I promised you a doozy today, and I plan to deliver!
About a year ago, a federal jury in Texas concluded that a flight attendant’s sincerely-held religious beliefs (specifically, those underpinning her pro-life stance on abortion) unlawfully motivated her labor union and employer to discriminate against her.
How mad was the jury? It awarded the plaintiff over $5 million.
While the court later reduced the award to under a million, it did require the airline to reinstate the plaintiff. It also ordered the airline to notify its flight attendants of Title VII’s prohibition on religious discrimination.
Specifically, the court ordered the airline “to inform [its] flight attendants that, under Title VII, [the airline] may not discriminate against [its] flight attendants for their religious practices and beliefs.”
Rather than do just that, the airline dug a bigger hole for itself.
It notified flight attendants: “[t]he court [] ordered us to inform you that [this airline] does not discriminate against our Employees for their religious practices and beliefs.”
In a blistering 29-page decision, the court condemned the airline’s unilateral decision to modify the notice requirements as the airline’s way of communicating to its employees “that there’s nothing to see here—aside from the Court’s bequeathing [the airline] a badge of honor for not discriminating (which the Court did not do).”
To further emphasize its point, the court first got biblical:
After God told Adam, “[Y]ou must not eat from the tree [in the middle of the garden],”imagine Adam telling God, “I do not eat from the tree in the middle of the garden”—while an apple core rests at his feet
Followed by a Lord of the Rings metaphor:
Or where Gandalf bellows, “You shall not pass,” the Balrog muses, “I do not pass,” while strolling past Gandalf on the Bridge of Khazad-dûm.

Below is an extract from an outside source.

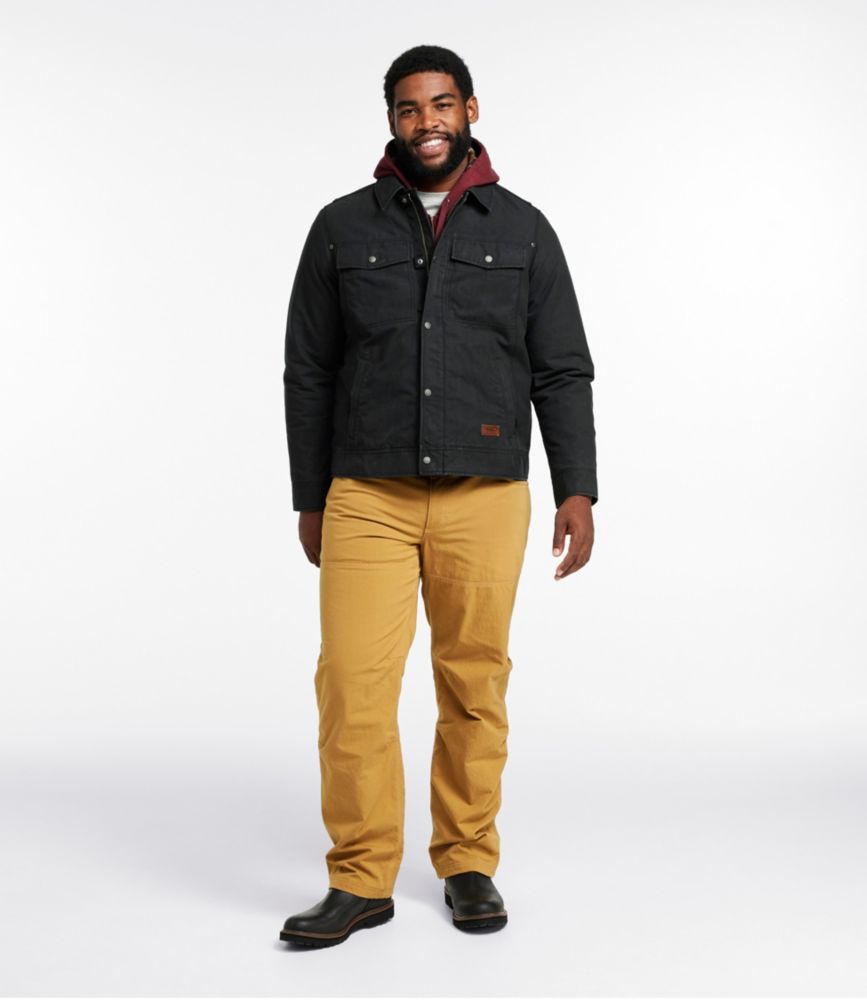 Men's Bean's Insulated Utility Jacket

Before ultimately ordering the airline to publish a revised notice to its employees, which confirms, among other things, that the airline “may not discriminate against [its] flight attendants for their religious practices and beliefs, including—but not limited to—those expressed on social media and those concerning abortion.”
But the court wasn’t done yet. Oh, it got worse.
Much worse.
Resolved that the airline “has long harbored the view—during trial, after the verdict, and (as evinced by its memo to flight attendants) even after the judgment—that its policies on civility trump federal laws like Title VII,” the court sent a message to the airline to that it may “understand, when communicating with its employees, that federal protections for religious freedom override any company civility policy.”
And how did it do that? By ordering the airline to have three of its lawyers complete 8 hours of religious-liberty training by August 28, 2023.
I’m no theologian and I’m not much into Lord of the Rings, but I do know that a wise man once said, “When a sign says do not feed the bears, man, you’d better not feed the bears.”
On the heels of a $5 million jury verdict, when a judge orders you to do something, you do it—the first time.
And take Title VII’s rules and requirements seriously!